Please write out exactly the lines of the data below from the line holding "Чохол Silicone Cover" through the line holding "used 2022 Honda", and leave out the rest.

(Records from a data collection)
....................

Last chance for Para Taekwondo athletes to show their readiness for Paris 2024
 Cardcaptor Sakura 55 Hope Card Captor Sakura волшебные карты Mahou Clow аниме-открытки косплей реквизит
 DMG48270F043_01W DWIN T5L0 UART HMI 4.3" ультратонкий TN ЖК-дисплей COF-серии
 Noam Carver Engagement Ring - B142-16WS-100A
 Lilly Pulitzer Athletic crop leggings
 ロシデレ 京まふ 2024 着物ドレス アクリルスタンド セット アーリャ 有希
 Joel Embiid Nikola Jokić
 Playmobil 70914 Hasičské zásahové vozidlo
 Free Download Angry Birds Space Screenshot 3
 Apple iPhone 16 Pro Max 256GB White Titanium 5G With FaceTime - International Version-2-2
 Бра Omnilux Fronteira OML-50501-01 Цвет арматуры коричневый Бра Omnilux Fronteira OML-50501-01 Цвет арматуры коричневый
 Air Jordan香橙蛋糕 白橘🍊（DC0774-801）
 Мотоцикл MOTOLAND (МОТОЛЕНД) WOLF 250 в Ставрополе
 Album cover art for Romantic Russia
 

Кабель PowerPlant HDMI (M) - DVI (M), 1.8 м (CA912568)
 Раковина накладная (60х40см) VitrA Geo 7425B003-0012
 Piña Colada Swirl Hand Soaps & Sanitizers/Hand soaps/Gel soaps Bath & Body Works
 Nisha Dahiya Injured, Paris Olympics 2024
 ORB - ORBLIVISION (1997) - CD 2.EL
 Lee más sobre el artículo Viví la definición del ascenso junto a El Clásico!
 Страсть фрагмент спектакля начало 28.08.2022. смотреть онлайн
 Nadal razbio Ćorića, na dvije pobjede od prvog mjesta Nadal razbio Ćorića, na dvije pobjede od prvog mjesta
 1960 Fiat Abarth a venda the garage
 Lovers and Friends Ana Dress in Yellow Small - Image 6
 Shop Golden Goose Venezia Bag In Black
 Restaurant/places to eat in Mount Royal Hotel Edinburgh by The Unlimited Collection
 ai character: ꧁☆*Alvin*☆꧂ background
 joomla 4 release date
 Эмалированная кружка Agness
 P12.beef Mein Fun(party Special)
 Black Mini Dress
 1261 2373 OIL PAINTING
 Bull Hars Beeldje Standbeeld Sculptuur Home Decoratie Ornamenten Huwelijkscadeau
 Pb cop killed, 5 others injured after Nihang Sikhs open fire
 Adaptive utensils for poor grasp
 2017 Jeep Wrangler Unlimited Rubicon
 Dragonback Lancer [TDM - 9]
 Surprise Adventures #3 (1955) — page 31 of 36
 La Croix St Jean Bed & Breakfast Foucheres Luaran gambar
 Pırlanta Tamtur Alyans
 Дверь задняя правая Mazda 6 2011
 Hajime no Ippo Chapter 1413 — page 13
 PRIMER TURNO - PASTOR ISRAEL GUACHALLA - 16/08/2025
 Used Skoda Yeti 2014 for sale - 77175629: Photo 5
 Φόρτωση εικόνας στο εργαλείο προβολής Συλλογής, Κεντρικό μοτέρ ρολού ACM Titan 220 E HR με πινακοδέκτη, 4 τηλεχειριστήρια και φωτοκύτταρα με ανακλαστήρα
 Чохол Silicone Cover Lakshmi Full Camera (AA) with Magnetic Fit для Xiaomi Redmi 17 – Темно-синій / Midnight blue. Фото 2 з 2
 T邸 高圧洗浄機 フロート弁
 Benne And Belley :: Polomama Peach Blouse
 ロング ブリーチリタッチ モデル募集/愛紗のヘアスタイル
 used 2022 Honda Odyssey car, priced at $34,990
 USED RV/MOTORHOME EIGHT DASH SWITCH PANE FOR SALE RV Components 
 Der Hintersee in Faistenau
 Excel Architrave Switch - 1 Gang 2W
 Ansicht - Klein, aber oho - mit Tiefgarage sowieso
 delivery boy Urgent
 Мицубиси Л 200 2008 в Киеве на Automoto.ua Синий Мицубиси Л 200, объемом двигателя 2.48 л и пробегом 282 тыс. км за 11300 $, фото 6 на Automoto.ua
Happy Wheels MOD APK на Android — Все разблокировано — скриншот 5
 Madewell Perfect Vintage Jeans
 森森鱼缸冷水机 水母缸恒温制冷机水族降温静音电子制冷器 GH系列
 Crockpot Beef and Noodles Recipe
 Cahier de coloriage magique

....................

Task response:
 Чохол Silicone Cover Lakshmi Full Camera (AA) with Magnetic Fit для Xiaomi Redmi 17 – Темно-синій / Midnight blue. Фото 2 з 2
 T邸 高圧洗浄機 フロート弁
 Benne And Belley :: Polomama Peach Blouse
 ロング ブリーチリタッチ モデル募集/愛紗のヘアスタイル
 used 2022 Honda Odyssey car, priced at $34,990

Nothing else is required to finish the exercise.